Pandemonium instantly descends all around me. The street, which was clear moments ago, is now swarming with cops. There is so much yelling, so much fear. I lower my arms and stand rigidly, unable to move. My heart seems to have stopped. My limbs are not responding to my brain which is telling them to move, to run, to help. But I can't. Nothing is working. Korsak has left my side. He and Dr. Isles are bent over Jane, blocking her from my view. I know that I should be doing something. I should be there supporting my partner. I need to help her fight off the pain; tell her that it will be fine. She will be fine. Yet I still cannot get my legs to listen to me.

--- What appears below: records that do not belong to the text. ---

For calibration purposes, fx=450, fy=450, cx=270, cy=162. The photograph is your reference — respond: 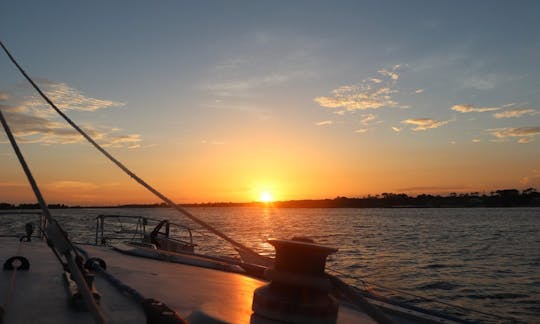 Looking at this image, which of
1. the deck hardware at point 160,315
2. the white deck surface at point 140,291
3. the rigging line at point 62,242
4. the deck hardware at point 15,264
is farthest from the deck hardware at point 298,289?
the deck hardware at point 15,264

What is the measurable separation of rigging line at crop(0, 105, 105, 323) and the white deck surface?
66cm

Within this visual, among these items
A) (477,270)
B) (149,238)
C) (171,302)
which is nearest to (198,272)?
(171,302)

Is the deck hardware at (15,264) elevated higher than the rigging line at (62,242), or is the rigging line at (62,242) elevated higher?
the rigging line at (62,242)

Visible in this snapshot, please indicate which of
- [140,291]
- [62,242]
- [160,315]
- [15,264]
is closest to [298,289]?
[160,315]

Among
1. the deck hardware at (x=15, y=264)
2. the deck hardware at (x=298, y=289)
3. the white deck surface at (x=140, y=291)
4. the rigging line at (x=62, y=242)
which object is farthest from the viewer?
the deck hardware at (x=15, y=264)

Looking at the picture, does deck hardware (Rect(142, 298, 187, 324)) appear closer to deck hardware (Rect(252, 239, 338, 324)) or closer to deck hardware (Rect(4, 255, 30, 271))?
deck hardware (Rect(252, 239, 338, 324))

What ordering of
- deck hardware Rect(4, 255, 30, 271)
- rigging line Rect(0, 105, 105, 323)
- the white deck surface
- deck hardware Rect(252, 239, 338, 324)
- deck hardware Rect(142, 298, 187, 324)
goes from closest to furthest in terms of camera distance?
rigging line Rect(0, 105, 105, 323)
deck hardware Rect(252, 239, 338, 324)
deck hardware Rect(142, 298, 187, 324)
the white deck surface
deck hardware Rect(4, 255, 30, 271)

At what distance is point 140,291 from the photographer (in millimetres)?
5379

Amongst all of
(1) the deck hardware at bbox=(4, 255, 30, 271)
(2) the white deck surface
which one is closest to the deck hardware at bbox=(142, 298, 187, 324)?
(2) the white deck surface

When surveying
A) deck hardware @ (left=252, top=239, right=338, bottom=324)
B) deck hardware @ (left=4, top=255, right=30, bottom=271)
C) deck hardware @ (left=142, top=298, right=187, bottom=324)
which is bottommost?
deck hardware @ (left=4, top=255, right=30, bottom=271)

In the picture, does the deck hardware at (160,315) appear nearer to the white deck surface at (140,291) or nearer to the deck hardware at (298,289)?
the white deck surface at (140,291)

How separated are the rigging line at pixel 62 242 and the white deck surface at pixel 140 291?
2.15ft

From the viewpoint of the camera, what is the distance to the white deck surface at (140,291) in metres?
3.87

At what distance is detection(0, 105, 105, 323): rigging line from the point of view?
78.4 inches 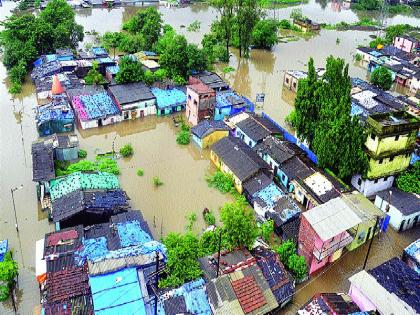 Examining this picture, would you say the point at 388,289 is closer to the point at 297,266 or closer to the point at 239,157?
the point at 297,266

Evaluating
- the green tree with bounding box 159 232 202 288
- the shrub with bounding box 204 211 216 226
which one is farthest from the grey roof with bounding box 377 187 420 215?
the green tree with bounding box 159 232 202 288

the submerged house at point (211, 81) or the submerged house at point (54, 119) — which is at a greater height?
the submerged house at point (211, 81)

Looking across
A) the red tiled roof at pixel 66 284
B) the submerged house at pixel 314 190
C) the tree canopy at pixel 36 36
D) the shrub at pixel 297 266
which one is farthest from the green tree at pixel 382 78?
the red tiled roof at pixel 66 284

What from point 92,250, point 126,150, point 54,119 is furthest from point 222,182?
point 54,119

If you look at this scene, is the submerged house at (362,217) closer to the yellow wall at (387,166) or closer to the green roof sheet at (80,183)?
the yellow wall at (387,166)

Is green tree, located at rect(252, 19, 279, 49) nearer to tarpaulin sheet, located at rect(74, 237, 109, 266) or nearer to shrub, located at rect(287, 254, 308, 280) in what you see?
shrub, located at rect(287, 254, 308, 280) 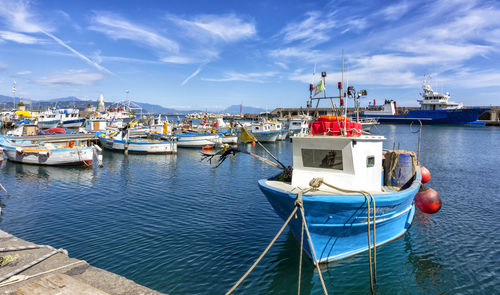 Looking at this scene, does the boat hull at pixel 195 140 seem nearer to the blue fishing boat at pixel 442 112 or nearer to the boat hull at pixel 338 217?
the boat hull at pixel 338 217

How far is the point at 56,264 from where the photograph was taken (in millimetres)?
7293

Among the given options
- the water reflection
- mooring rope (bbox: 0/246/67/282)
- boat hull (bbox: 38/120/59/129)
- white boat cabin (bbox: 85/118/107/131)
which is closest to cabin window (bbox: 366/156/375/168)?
mooring rope (bbox: 0/246/67/282)

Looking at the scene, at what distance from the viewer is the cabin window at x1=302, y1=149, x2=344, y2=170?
34.5 feet

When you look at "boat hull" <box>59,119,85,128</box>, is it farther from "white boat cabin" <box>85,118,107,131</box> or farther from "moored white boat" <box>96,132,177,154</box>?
"moored white boat" <box>96,132,177,154</box>

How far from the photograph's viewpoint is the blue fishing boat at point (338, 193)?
30.5 feet

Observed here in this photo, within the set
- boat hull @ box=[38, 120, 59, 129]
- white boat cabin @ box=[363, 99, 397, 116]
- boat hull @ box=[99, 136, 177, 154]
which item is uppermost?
white boat cabin @ box=[363, 99, 397, 116]

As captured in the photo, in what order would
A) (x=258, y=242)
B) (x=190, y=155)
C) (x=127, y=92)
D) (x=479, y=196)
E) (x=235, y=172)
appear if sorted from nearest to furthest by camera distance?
(x=258, y=242) → (x=479, y=196) → (x=235, y=172) → (x=190, y=155) → (x=127, y=92)

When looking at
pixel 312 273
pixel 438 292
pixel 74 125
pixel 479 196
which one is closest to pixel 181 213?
pixel 312 273

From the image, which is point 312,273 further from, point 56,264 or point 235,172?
point 235,172

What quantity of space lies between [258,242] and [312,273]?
2.87 metres

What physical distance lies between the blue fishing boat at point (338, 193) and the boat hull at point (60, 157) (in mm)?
21832

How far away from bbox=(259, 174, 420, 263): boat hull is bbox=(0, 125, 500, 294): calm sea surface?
657mm

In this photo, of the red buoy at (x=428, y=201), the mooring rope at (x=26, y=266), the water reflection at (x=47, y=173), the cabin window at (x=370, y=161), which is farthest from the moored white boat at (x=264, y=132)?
the mooring rope at (x=26, y=266)

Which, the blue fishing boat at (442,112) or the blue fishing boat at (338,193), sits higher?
the blue fishing boat at (442,112) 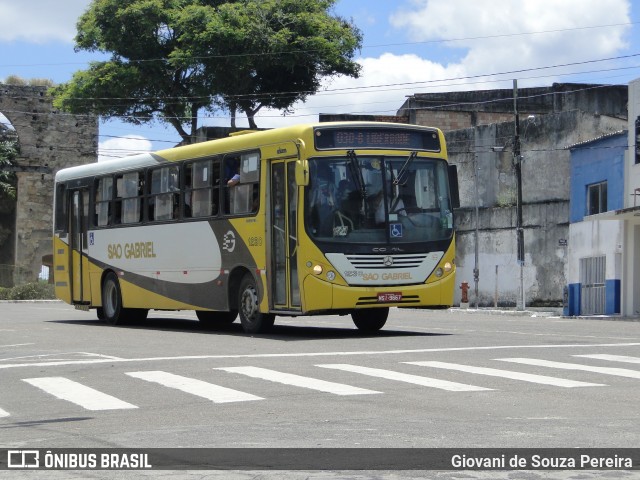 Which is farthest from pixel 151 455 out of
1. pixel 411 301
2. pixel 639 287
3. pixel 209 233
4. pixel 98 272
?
pixel 639 287

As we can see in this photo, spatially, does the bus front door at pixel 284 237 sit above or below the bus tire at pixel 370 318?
above

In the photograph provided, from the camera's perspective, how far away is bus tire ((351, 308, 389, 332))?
22453mm

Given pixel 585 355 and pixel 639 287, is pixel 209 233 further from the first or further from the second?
pixel 639 287

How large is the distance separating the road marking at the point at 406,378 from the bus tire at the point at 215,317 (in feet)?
36.5

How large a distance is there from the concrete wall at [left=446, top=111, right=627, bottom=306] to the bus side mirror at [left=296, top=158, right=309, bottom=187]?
90.7 feet

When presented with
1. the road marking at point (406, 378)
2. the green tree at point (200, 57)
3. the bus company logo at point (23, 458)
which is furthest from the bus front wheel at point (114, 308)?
the green tree at point (200, 57)

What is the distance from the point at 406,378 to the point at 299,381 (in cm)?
114

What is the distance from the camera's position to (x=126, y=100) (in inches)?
2482

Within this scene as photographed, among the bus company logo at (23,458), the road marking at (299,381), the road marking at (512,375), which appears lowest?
the bus company logo at (23,458)

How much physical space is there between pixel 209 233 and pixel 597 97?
A: 38.0 m

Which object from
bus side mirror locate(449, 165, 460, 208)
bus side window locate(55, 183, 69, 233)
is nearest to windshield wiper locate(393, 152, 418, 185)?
bus side mirror locate(449, 165, 460, 208)

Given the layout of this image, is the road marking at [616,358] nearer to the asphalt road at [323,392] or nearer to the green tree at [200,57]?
the asphalt road at [323,392]

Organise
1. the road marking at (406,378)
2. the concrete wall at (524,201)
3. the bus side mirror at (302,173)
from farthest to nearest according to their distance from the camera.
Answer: the concrete wall at (524,201) → the bus side mirror at (302,173) → the road marking at (406,378)

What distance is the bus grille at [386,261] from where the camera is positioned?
791 inches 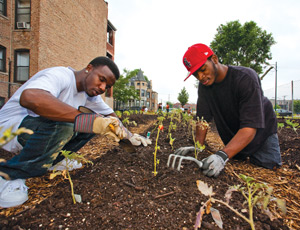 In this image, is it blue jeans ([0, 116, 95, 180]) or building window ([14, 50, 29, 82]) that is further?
building window ([14, 50, 29, 82])

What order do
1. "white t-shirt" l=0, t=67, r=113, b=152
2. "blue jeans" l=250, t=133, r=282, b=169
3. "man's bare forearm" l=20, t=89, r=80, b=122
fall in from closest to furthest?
"man's bare forearm" l=20, t=89, r=80, b=122
"white t-shirt" l=0, t=67, r=113, b=152
"blue jeans" l=250, t=133, r=282, b=169

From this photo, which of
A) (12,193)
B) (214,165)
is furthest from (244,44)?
(12,193)

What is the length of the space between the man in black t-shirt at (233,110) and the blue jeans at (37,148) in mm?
1334

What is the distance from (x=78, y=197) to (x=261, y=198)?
126cm

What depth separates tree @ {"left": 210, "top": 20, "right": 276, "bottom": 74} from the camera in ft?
52.9

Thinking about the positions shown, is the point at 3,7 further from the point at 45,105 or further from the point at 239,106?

Is this how Korsak felt when he found Jane with Hoyt, helpless, scared, and guilty? I only ever felt this was when my older sister would protect me from Joe Folly. Even though he was three years older than me and two years older than her she would still get in his way before he could beat me up. Once after school, he came up to us as we were walking home. Sandra had pushed me behind her, refusing to let Joe by. I had crawled backwards across the soccer field too scared to do anything but guilty that it was her and not me. I still feel that was sometimes around Jane, like I need to redeem myself for all the times Sandra stood up for me.
Dr. Isles' panicked cries pierce through my thoughts, jerking me back to reality. "No. nononononono Jane. JANE!" I couldn't do anything now. While the paramedics pull Jane into the ambulance and Korsak holds Dr. Isles I just stand. I stand and watched.